The Scientific HIIT Workouts to Get You In Shape

HIIT is a becoming a bigger workout fad every single day. Although this style of working out may be new to many, it is not new to the science and athletic community.

HIIT challenges a very basic assumption: the more time spent doing something means yielding greater results.

People believe that to get into the best shape possible, they have to put in the most time possible. This mindset usually leads to a specific kind of gym behavior characterized by long stretches on a treadmill mixed with other exercises resulting in over an hour spent at the gym. What’s more, spending this much time does not always yield excellent results.

Jogging and steady state exercise are part of a common thought process where more time must be spent at the gym if an individual wants to see any kind of progress and improvement. Truly a mindless cycle that can feel never ending.

But it turns out this method isn’t the only way to achieve high levels of fitness. Science has been able to prove to us that there is another option to get into the best shape that we possibly can. And, it turns out, needs only a fraction of the time.

Does it still increase your endurance? Yes.

Does it still help you lose weight? Yes.

Does it take as long as an hour on the treadmill? No.

In multiple health fields there have been studies on the effects of intense intermittent exercise on the body.
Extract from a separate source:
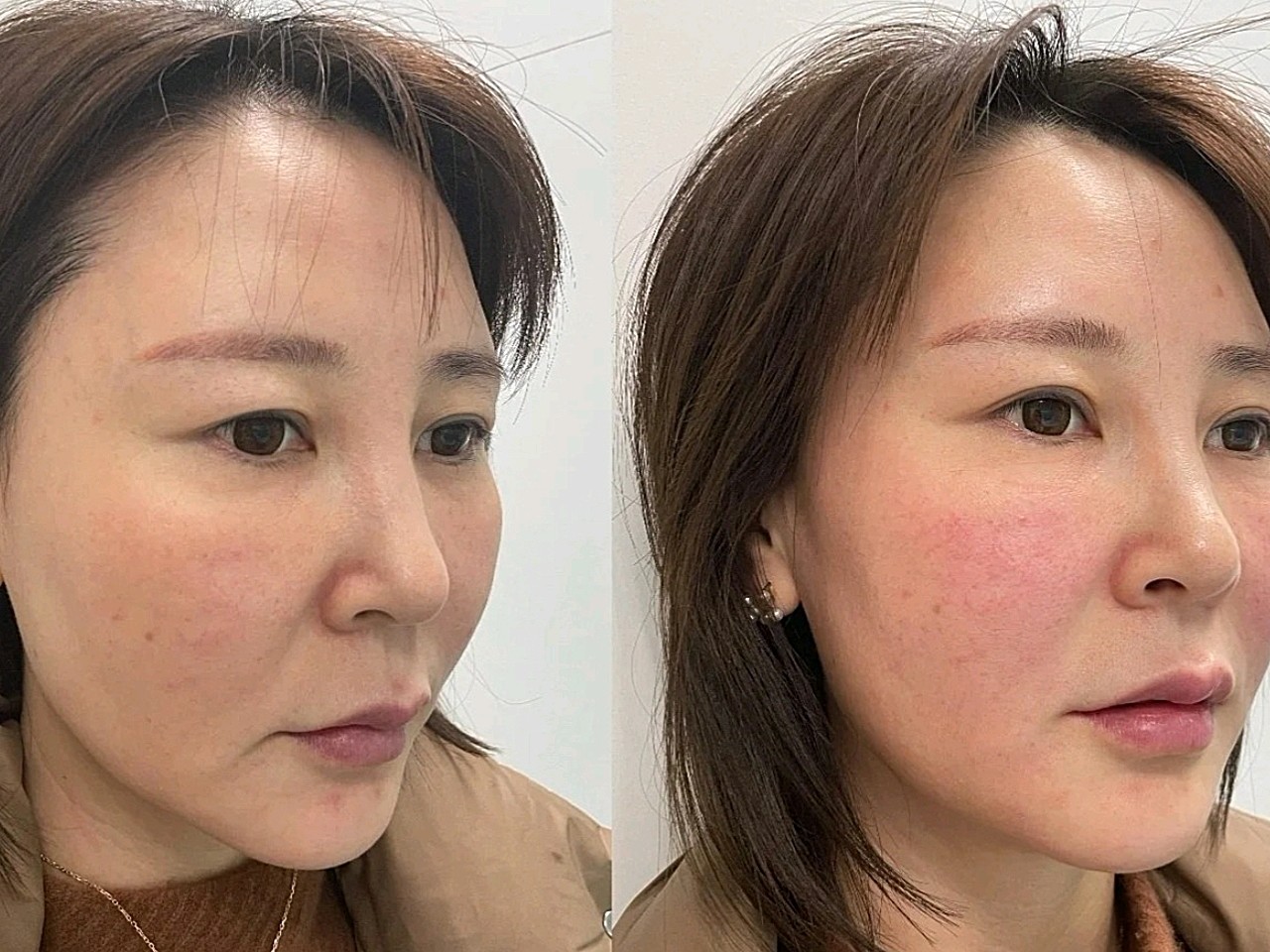 【杭州美天美热玛吉的体验】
The science is clear and the results ring true over many studies, some of which are in this article.

All of these experiments had a group that performed the special HIIT workout routine and a group that performed a normal, steady exercise routine. You’ll notice that the experiments vary in time intervals but they all came out with similar results.

Probably the most famous HIIT scientist known, Dr. Izumi Tabata created a HIIT workout while working with the Japanese Speed Skating Team. Commonly, people refer to his style of high intensity interval training as a Tabata. A Tabata Workout is a short, but incredibly intense workout. The entire workout lasts 4 minutes. It requires you to push beyond your limits for 20 seconds intense exercise and then go into a slower state of exercise for 10 seconds. You repeat that sequence 8 times. The original tests were done on a special bike, cycle ergometer, but you can perform these workouts on your own stationary bike using varying levels of resistance. Another way to perform a Tabata workout is sprint for 20 seconds and walk for 10 seconds. Although it may be tough for you to work up to 170% of your VO2 Max, which is your body’s ability to use oxygen, and what was required of the subjects in the original tests, you can still push yourself to your max. You should feel winded after this quick HIIT workout.
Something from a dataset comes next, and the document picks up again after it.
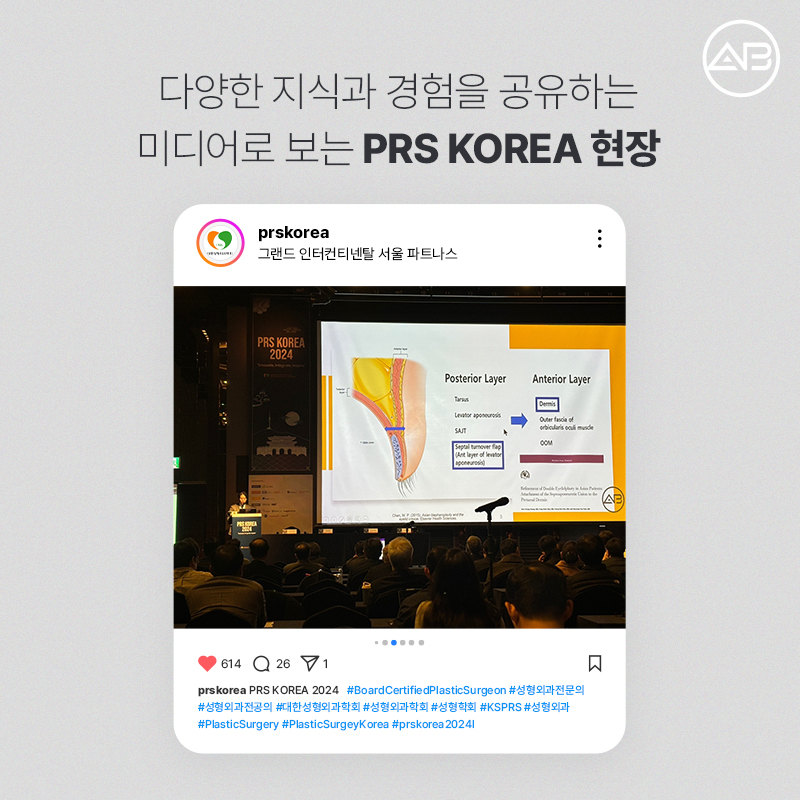 PRS KOREA 2024 : 에이비성형외과의 발표 내용과 성과 관련 이미지 6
Although Peter Coe wasn’t a scientist (he was actually an engineer) he was still a pioneering mind for HIIT. After he wasn’t satisfied with his son’s soccer training, he decided to take on the role of trainer himself. The former engineer believed that training slow made you a slow runner. He put into practice his sprint training to maintain speed while building up the endurance needed to play an entire soccer match. He went on to train 2 olympic athletes using this method. To perform this HIIT workout, you need to run 200 meters, or roughly the same distance as 2 football fields, then rest 30 seconds before performing another sprint. Build yourself up to 10 sprints and see how you feel.

Canadian Professor Martin Gabala created his own technique, also called “The Little Method”. This HIIT workout calls for a 3 minute warm up then 60 seconds of intense exercise followed by 75 seconds of rest repeated 8-12 times. The original tests were done on a stationary bike and seem to work best while using one. Gabala also made an easier version for people as well. You perform the same 3 minute warm up but in his easier version you do 60 seconds of fairly intense exercise followed by 60 seconds of rest. You do that for a total of 12 reps.

At Loughborough University, Jamie Timmons performed his own HIIT workout experiments. His high intensity interval training used 2 minutes of gentle exercise, followed by 20 seconds of maximum effort. The original tests were performed on a stationary bike, much like the others, but you could do this while running as well. Try light jogging or fast walking for 2 minutes followed by 20 seconds of an all out sprint.You do this for a total of 21 minutes resulting in only 3 minutes of intense work.

All four of these HIIT workouts are different but they all had similar outcomes. Tested by scientists all over the world, high intensity interval training has added benefits to aerobic fitness, fat burning capabilities, and maintaining strength.

If you’re looking to get in excellent shape and not have to trade all of your time away then try these science tested workouts.